JP 2010-71413 A (FIG. 1)

  However, in the conventional vehicle shock absorber described above, particularly when it starts to expand or contract slowly or slowly, the piston speed is low, and the liquid passes through the orifice communicating the pressure side chamber and the liquid chamber without much resistance. Can do. That is, when the flow rate of the liquid passing through the orifice is small, the resistance given to the liquid flow by the orifice is small, so that the liquid can move back and forth between the liquid chamber and the pressure side chamber without resistance. Behaves as a compression chamber.

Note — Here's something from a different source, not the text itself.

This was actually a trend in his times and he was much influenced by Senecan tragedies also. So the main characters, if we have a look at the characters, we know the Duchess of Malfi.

  When the apparent fluid chamber behaves as the pressure chamber, the apparent fluid volume in the pressure chamber is the sum of the fluid in the fluid chamber and the fluid in the fluid chamber. The liquid column rigidity is lower than the liquid column rigidity of the liquid only in the pressure side chamber.

  Therefore, in the conventional vehicle shock absorber, when the piston speed at the time of expansion and contraction is low, the liquid column rigidity of the compression side chamber is apparently reduced, so that the rise of the damping force is delayed in time. That is, the damping force generation responsiveness is deteriorated.

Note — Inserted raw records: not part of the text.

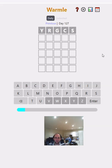Hello and welcome to the channel. Today I'm going to be trying something I've done once before on the channel, and that's have a go at three Wordle variations.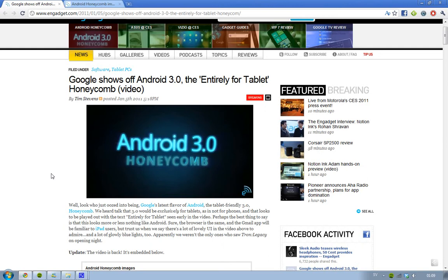There's a video I recommend you watch if you're into tech. In this new version, the OS is built entirely for tablets, which makes sense given the current tablet trend.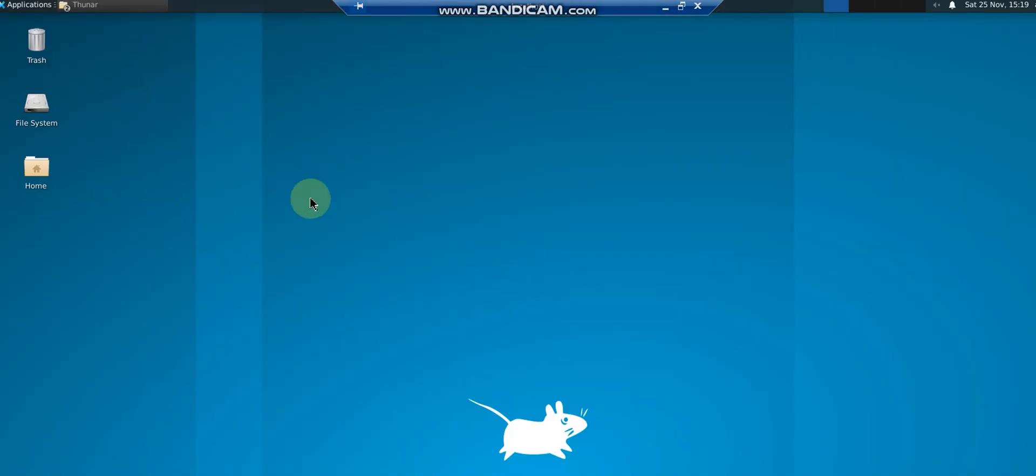Okay, so you can see the Ubuntu interface like GUI in WSL in Windows. So I hope you like this video. Thank you very much for watching this video.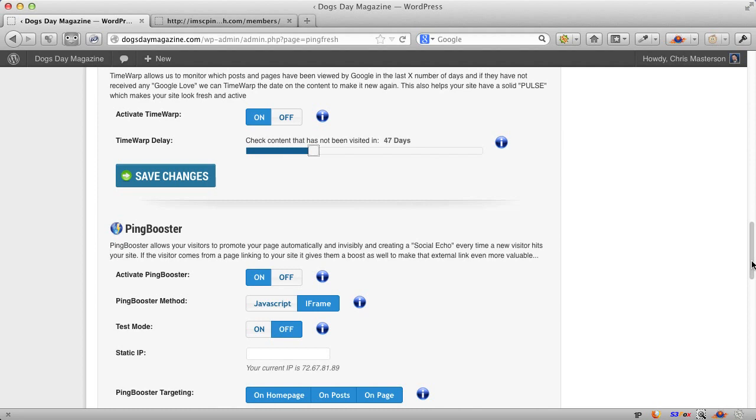When a visitor comes from a search engine, they do this and it creates this social echo. But when they come from a partner site, maybe you've got someone who's linking into you and it's not a search engine, what we do is we promote their site. It increases their authority and the value of that link to you directly. So it's kind of a nice little way to reward the site that sent you traffic. But it's also long-term beneficial for you because it increases your ranking.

  In addition, if the damping force generation response of the vehicle shock absorber in the initial stage of expansion / contraction is poor, it is not possible to firmly suppress vehicle body posture changes such as during vehicle turning, braking, and acceleration from the beginning of the posture change. I feel uncomfortable.

  Therefore, the present invention was devised to improve the above-described problems, and its purpose is to improve the damping force generation response even when the piston speed during expansion and contraction is low. It is possible to provide a vehicle hydraulic shock absorber that can improve the ride comfort in a vehicle.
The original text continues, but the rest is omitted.